Think about trying to gauge where you are and smelling hundreds of dogs - all the dogs that are there now and who have been there over the past couple weeks. IT’S OVERWHELMING and CONFUSING.

The Noise

Majority of the dogs in a kennel environment are barking; some of the barks can be play, but some are fears, anxieties, and frustration. Your home doesn’t regularly have all these noises constantly going on so it’s a lot for the dog to just “deal” with all of a sudden, with no time to desensitize and/or habituate to it.

Separation

All dogs go through some level of separation from their humans; the more sensitive the dog, the harder it hits them. There are cases where dogs who never previously showed separation anxiety got dropped off at a kennel for a week, then came back with severe separation anxiety due to the fact that they just couldn’t cope.

Energy

As you know, dogs are very energy-oriented. Your dog may be very relaxed and easygoing, but if you put a high-energy, anxious, vocal dog right next to him or her all day and all night, your dog will go nuts and feed off that energy.

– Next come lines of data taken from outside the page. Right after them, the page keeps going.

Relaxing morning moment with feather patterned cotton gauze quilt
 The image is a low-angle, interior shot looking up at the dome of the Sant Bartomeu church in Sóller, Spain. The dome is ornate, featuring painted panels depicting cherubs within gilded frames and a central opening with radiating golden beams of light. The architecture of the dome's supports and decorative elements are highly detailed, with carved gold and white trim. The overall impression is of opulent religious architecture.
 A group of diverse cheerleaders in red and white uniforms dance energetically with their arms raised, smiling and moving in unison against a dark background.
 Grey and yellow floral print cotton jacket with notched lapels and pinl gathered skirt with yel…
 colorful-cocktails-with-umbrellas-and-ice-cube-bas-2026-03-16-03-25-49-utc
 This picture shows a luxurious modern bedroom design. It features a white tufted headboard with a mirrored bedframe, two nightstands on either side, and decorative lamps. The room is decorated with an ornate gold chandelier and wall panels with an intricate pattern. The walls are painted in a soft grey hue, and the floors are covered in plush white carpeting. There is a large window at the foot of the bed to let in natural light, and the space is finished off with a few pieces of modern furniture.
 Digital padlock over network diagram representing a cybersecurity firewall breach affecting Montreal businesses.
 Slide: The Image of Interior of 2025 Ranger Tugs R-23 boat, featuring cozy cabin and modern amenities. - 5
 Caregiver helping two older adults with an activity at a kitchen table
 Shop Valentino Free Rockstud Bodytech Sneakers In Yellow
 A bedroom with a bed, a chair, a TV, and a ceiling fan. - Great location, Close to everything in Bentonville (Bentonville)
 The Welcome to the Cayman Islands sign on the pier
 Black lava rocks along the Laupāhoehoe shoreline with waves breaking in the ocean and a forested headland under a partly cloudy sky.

Now let’s talk about the fact you have a herding breed dog….

They are:

  • Bred specifically for sensitivities
  • High strung/energy
  • Incredibly intelligent, which means they are over-thinkers

These breeds can do fine in a kennel environment, but it comes down to the dog’s personality and whether they can handle it or not. Which ultimately comes down to YOU making sure you know your dog and whether they are going to feel 100%, 50%, or 0% comfortable at a boarding facility. If at any time you feel your dog wouldn’t do well, you need to think of the consequences that can come of this decision.

This decision should never be made lightly when you have a dog that has one or more of the following behaviours:

  • Dog–dog issues
  • Fears & Sensitivities
  • Anxiety/Timid/Shyness
  • Reactivity

Why?

These types of dogs that are already showing behavioural issues are more susceptible to stress, and there isn’t more stress for this type of dog than taking them away from their home and human and putting them in a situation where there is uncertainty and confusion.

Don’t Worry - Other Help Is Available!

In-Home Boarding

This is usually available in almost any area. In home boarding, a professional takes your dog into their home and cares for them while you’re away, just like they would with their own. The beauty of this option is the dog has one-on-one care and love, so their stress is lessened.

This would be highly beneficial for any dog with the behavioural issues I mentioned above. The one-on-one care that the individual can give would be very good for your dog, as long as that individual and your dog are comfortable with one another.

House/Pet Sitting

This is where a person comes to YOUR home to take care of your dog in their own environment. This option is usually for dogs that have severe separation anxiety or other serious issues, OR if you have one lucky pet.

This is by far the best choice as it limits the stress on the dog because everything stays the same, with the exception of the humans leaving temporarily.

Tips to ease stress, if using a kennel

I understand that there are circumstances where kenneling/boarding are the only option (financial, time, special needs) and you should never feel bad about it. But there are things that you can do to make it easier for your dog if this is the only available option.

  • Bring your dog’s own bed
  • Bring your dog's own food
  • Bring your dog’s toys
  • Bring a blanket that has the humans smell on it (multiple to trade every couple days).
  • Do preliminary visits, get your dog comfortable in the environment and with the staff.

Always do your reference checks for ANY Kennel or In-Home Boarding. Never leave your dog with anyone you don’t get a good feel for, though the biggest signal is your dog - how do they like the kennel or home?